I looked him in the eyes and i started to tear up. "Don't worry Laura it's just two weeks. I will be back after!" he quickly says. I look away. He grabs my face with his hands and he makes me look in his beautiful eyes. "Listen to me i want you to promise something to me" he says. I listen. "Promise me that you won't cut yourself in the time that i'm gone" he says. I don't know if i can do it i think. I'll have to try very hard. "Okay" i say and Mark smiles. Our faces are still close to each other. His face moves closer to mine and our lips meet. The world explodes. Mark breaks my kiss and smiles at me. Then he gets up and walks towards the door. "I have to leave now but you can call me any time!" he says and he kisses my forehead.
I wanna cry but i don't want Mark to feel bad so i put on my fake smile and wave him goodbye. When he's out of sight i close the door and i sit down. Now i don't have somebody to look after me. I thought. Other thoughts interrupted me. "Laura get the hell over yourself! You're not a 8 year old! You can look after yourself."
I walked towards my room and sat down on my bed. I finally cried and i was about to grab my blade but then i thought of Mark's voice. I want to keep my promise no matter how hard it is.
13 days were spend mostly on my bed. The monster of depression won't let me go and i have to fight harder against my thoughts. My dad has abused me harder than he ever did and i feel even more broken because Mark is gone. I think about the kiss that he gave me the day he left. It's probably just a friendly kiss and i should stop having so much hope. I thought to myself. I didn't break my promise. I didn't cut and even though it was incredibly hard, i didn't do it. I walked downstairs to see my dad watching tv. He noticed me coming in and when our eyes made contact i saw the evil in his eyes. He got up and again i prepared myself for a few more kicks. I just stood there doing nothing. He walked up towards me and this time i didn't wanted him to hurt me more. Ive had enough. Why would I let someone beat me up?! I ran upstairs to my bedroom and locked the door. "I'm so glad I fixed that" I mumble to myself. I heard my dad follow me again. I quickly grabbed the keys from my bike and jumped out of my window. My window wasn't as high as i thought it would be and i landed perfectly. As fast as i could i grabbed my bike and i made my way to the Cincinnati bridge.
I didn't really knew the way to the bridge. I got lost a few times but after 50 minuter of cycling, i reached my destination. I got off my bike and walked up the bridge. I sat down on the ceiling and watched all the boats and the lights of the city. I felt broken, lost, stupid and most of all: suicidal. I didn't wanted to live anymore.
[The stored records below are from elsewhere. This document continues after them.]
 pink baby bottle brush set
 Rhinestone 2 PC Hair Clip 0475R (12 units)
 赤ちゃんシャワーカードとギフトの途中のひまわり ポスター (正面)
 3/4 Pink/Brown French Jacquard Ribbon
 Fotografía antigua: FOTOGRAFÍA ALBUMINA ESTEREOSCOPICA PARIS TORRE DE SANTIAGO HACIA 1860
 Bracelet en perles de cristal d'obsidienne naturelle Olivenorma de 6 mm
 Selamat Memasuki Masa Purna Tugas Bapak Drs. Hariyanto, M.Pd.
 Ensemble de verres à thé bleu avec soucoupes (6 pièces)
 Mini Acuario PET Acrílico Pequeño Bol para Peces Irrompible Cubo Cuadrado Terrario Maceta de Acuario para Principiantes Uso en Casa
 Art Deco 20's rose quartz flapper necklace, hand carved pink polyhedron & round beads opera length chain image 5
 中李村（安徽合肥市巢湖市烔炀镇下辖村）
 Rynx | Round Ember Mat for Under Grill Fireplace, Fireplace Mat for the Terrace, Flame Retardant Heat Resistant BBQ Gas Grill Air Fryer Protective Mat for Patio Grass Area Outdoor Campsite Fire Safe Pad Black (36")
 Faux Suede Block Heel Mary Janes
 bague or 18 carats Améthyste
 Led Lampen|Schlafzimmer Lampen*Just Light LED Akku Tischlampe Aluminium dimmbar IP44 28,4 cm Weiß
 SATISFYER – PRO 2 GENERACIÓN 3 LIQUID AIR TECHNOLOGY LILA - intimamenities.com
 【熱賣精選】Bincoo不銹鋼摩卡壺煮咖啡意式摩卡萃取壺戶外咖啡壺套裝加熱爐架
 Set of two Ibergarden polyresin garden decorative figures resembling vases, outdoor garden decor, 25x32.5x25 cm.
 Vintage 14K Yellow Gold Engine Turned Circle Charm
My life will never get any better and everyone hates me. I thought to myself. I thought of my whole life and prepared myself to jump. At the same time I kept thinking about Mark. He said he cared about me but what if he's lying? Maybe he just feels responsible for me? I don't want him to feel responsible! It's not like he's my dad. He's probably just feeling sorry for me. I don't even care and how could he love me anyway? I'm sad all the time. Who likes to hang around with a sad person?
I drove back to Cincinnati thinking of Laura. I wonder how her days went and if she missed me. I was almost at the bridge and then i would be finally back home. I enjoyed the night and the stars. "Finally" i thought when i arrived at the bridge. I decided to put my car on the other side of the road and to really enjoy the beautiful night. I walked over to the other side of the bridge and looked at the water. Then my eye fell on a girl. She was sitting on the ceiling or was she standing? Something inside me didn't felt right. I walked towards the girl and it was like i recognized her. As i came closer i saw her blonde hair, her long and thin figure IT WAS LAURA!!!
I'm going to do it. I thought to myself. I looked down and saw the water under me. I was sure that i would die if i jumped off of this. I sighed and got ready to jump. My brain was a mess. What about Mark? What about the rest of my family? What if it doesn't work and i end up in a hospital? I wanted to stop thinking. Soon this hell will be over i thought to myself.
I started crying again. It wasn't fear that made me cry, it were my feelings that i had to deal with all my life. I suddenly heard footsteps coming my way. I didn't knew who it was but i will never know who it is. I relaxed my whole body and took one last look at Cincinnati. I am going to jump this is the end of the hell. I thought to myself. "AAAAH!"
I felt two arms grabbing me. At first i tried to release myself from the strong grip but it was impossible. "LET ME GO! PLEASE!" I screamed and I tried to kick whoever was holding me but I didn't had strength inside of me so i just let it happen. I got put down on the grass with a man bend over me. As i looked closer i saw who it was. It was Mark.